Venezuela : Maduro suspend X pendant 10 jours

Illustration. Suspension du réseau social X. ADN
Le président du Venezuela, réélu sans comptage précis des voix, se présente ce vendredi devant la Cour suprême qu'il a appelée afin de valider sa victoire, tandis que l'opposition prétend avoir des preuves de fraude. Cela soulève-t-il des questions sur l'intégrité de l'élection?
TL;DR
- Nicolas Maduro suspend la plateforme X (ex-Twitter) pendant dix jours.
- Maduro comparait devant la Cour suprême pour valider sa victoire contestée.
- Des troubles suite à sa proclamation victorieuse ont causé 24 morts.

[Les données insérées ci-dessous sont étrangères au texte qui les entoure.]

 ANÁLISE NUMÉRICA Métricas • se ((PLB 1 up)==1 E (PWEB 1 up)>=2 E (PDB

Nicolas Maduro vs Plateforme X
Dans un climat de tension au Venezuela, le président Nicolas Maduro a suspendu la plateforme X (anciennement Twitter) pour une durée de dix jours. Cette décision intervient suit à des accusations portées par le président contre le patron du réseau social, Elon Musk, « qui a violé toutes les règles du réseau en incitant à la haine et au fascisme ».

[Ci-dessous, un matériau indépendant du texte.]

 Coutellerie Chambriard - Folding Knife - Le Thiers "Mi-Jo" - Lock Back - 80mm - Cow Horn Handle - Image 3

Maintien au pouvoir dans la tourmente
En dépit de ces accusations et d’une réélection contestée, Maduro a comparu devant la Cour suprême qu’il avait lui-même saisie pour valider son maintien au pouvoir.

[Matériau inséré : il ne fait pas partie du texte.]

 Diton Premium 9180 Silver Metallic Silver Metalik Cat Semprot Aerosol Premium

Il affronte une opposition qui dénonce une élection truquée et possède des preuves de la fraude orchestrée. Selon leurs sources, Edmundo Gonzalez Urrutia, le remplaçant de Maria Corina Machado, aurait remporté les élections avec un score de 67 % des voix.
Pressure internationale
L’écho de la situation locale résonne jusqu’à la communauté internationale. Certains pays, avec à leur tête le Brésil, la Colombie et le Mexique, ont appelé le pouvoir vénézuélien à publier les procès-verbaux de cette présidentielle controversée.
Par ailleurs, Washington poursuit ses sanctions contre le Venezuela, tout en avertissant que « l’arrestation des leaders de l’opposition pourrait mobiliser la communauté internationale encore plus ».
Dérives meurtrières
L’enjeu du pouvoir s’est avéré fatal. Selon les organisations de défense des droits humains, les troubles consécutifs à la proclamation de la victoire de Maduro ont fait 24 morts. Les leaders de l’opposition n’ont pas été épargnés.
Deux figures majeures du mouvement opposant, Williams Davila et Américo De Grazia, ont été appréhendées, marquant une escalade de la répression.